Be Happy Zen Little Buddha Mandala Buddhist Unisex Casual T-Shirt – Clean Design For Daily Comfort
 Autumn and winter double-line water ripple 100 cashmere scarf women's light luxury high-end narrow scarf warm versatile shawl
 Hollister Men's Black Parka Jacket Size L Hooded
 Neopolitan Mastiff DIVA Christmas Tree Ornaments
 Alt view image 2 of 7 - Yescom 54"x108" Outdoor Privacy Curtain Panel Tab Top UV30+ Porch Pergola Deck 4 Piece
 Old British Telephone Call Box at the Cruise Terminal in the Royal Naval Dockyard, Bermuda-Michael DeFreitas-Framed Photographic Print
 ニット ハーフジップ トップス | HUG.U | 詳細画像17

# Problem to work on:
Please transcribe the entries above exactly as written.

# Answer section:
Be Happy Zen Little Buddha Mandala Buddhist Unisex Casual T-Shirt – Clean Design For Daily Comfort
 Autumn and winter double-line water ripple 100 cashmere scarf women's light luxury high-end narrow scarf warm versatile shawl
 Hollister Men's Black Parka Jacket Size L Hooded
 Neopolitan Mastiff DIVA Christmas Tree Ornaments
 Alt view image 2 of 7 - Yescom 54"x108" Outdoor Privacy Curtain Panel Tab Top UV30+ Porch Pergola Deck 4 Piece
 Old British Telephone Call Box at the Cruise Terminal in the Royal Naval Dockyard, Bermuda-Michael DeFreitas-Framed Photographic Print
 ニット ハーフジップ トップス | HUG.U | 詳細画像17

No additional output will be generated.